Pero en todo esto vencemos fácilmente por aquel que nos ha amado. Pues estoy convencido de que ni muerte, ni vida, ni ángeles, ni principados, ni presente, ni futuro, ni potencias, ni altura, ni profundidad, ni criatura alguna podrá apartarnos del amor de Dios manifestado en Cristo Jesús, Señor nuestro.
Palabra de Dios
Lectura del santo evangelio según san Mateo (14,13-21):
R/Gloria a ti, Señor.
En aquel tiempo, al enterarse Jesús de la muerte de Juan, el Bautista, se marchó de allí en barca, a un sitio tranquilo y apartado. Al saberlo la gente, lo siguió por tierra desde los pueblos. Al desembarcar, vio Jesús el gentío, le dio lástima y curó a los enfermos. Como se hizo tarde, se acercaron los discípulos a decirle: «Estamos en despoblado y es muy tarde, despide a la multitud para que vayan a las aldeas y se compren de comer».
Jesús les replicó: «No hace falta que vayan, dadles vosotros de comer».

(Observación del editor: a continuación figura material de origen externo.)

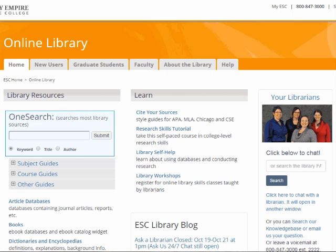Back on the library homepage, there is the OneSearch search box. This tool searches almost all of our databases that have text-based resources — so journal and magazine articles, newspaper articles, ebooks, and special document types — but not images and videos. This is a good place to begin your search, and for some multidisciplinary topics it may be a good place to search in general. However, you'll be able to get more precision in the individual databases.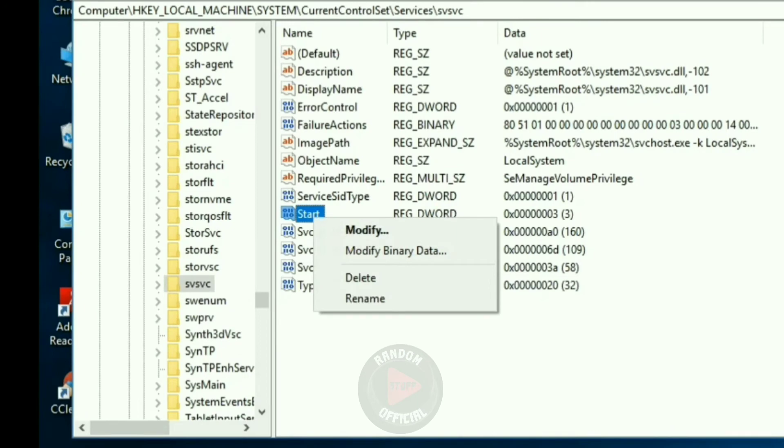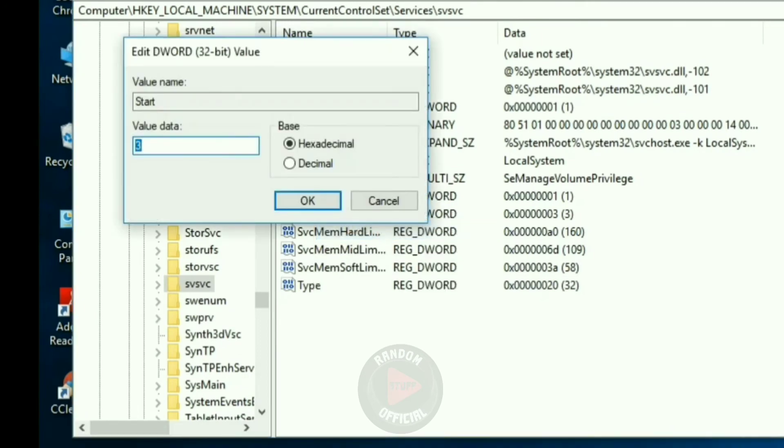Step 9: Set the value data to 4 and leave the others untouched, then click OK.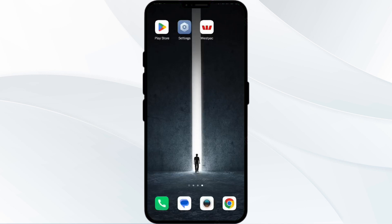Hello everyone and welcome back to our YouTube channel. In this video, we will guide you through the process of resolving issues with the Westpac app not working. Without further delay, let's dive into the solutions.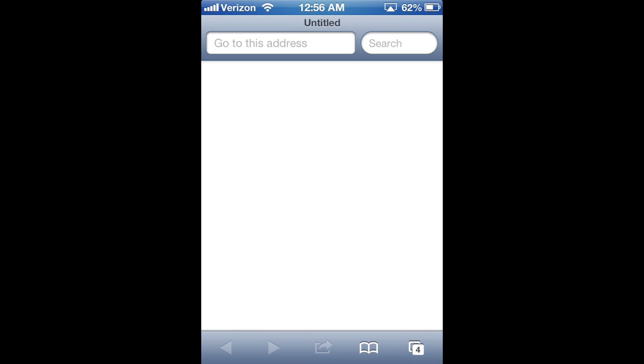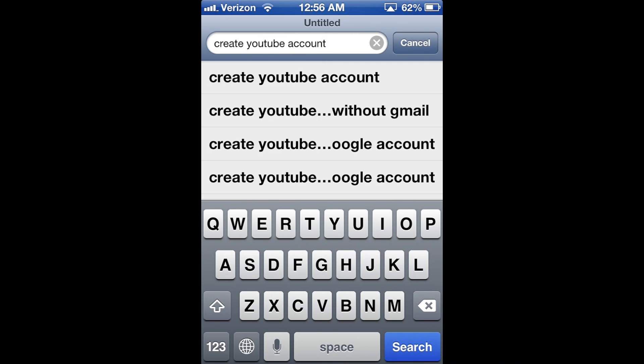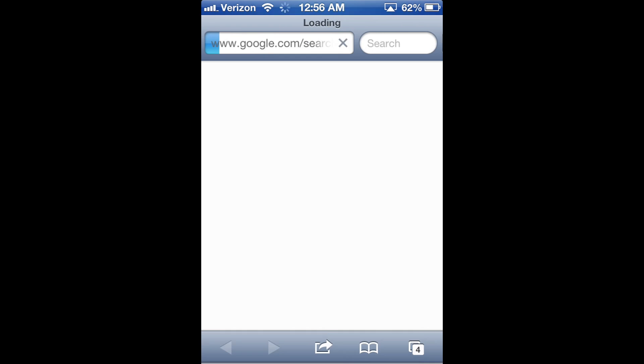But if you don't have a Gmail account or a Google account at all, then the first thing you should do is go ahead and open up Safari and just Google search for create a YouTube account.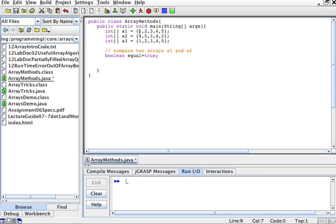But if they have the same lengths, I'm going to compare the element 0 in a1 with the element 0 in a2. The element 1 in a1 with the element 1 in a2, and so on and so forth. As you can tell,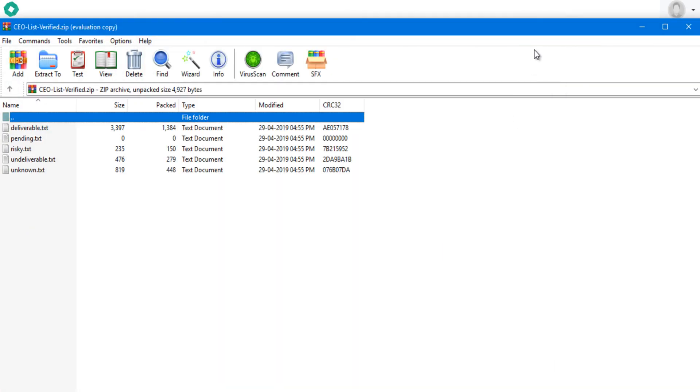It includes every verified status as a separate text file, so you can take the deliverable list for your bounce-free email campaign.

Ellos le replicaron: «Si aquí no tenemos más que cinco panes y dos peces».
Les dijo: «Traédmelos».
Mandó a la gente que se recostara en la hierba y, tomando los cinco panes y los dos peces, alzó la mirada al cielo, pronunció la bendición, partió los panes y se los dio a los discípulos; los discípulos se los dieron a la gente. Comieron todos hasta quedar satisfechos y recogieron doce cestos llenos de sobras. Comieron unos cinco mil hombres, sin contar mujeres y niños.
Palabra del Señor.
R/Gloria a tí Señor Jesús
HOMILÍA
En una ocasión una tienda de fotocopias colgó este cartel a la entrada: “Hemos hecho un acuerdo con Dios: Dios no hace fotocopias y nosotros no hacemos milagros”.

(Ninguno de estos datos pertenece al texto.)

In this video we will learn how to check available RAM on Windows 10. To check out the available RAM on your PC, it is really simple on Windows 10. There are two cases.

Al parecer, algunos clientes se quejaban de que las fotocopias no estaban bien hechas, y el cartel era una manera de decirles que allí hacían lo mejor que podían.
También nosotros, cuando alguien nos exige demasiado, solemos decir: “Bueno, yo no hago milagros”. El Evangelio de hoy nos dice que nosotros sí podemos, e incluso debemos hacer milagros. Y nos enseña cómo hacerlos.
Pero atención: No los milagros como los entendemos y nos los han contado, como una intervención exterior, desde fuera, de Dios.
Dios no puede intervenir directamente en nuestra historia, en nuestra vida, porque iría en contra de su designio original, y en contra de uno de los dones principales que nos ha dado, la LIBERTAD.
Dios no interviene desde fuera, lo hace desde dentro de cada uno de nosotros, impulsándonos y motivándonos para que actuemos. Somos nosotros los que tenemos que hacer los milagros.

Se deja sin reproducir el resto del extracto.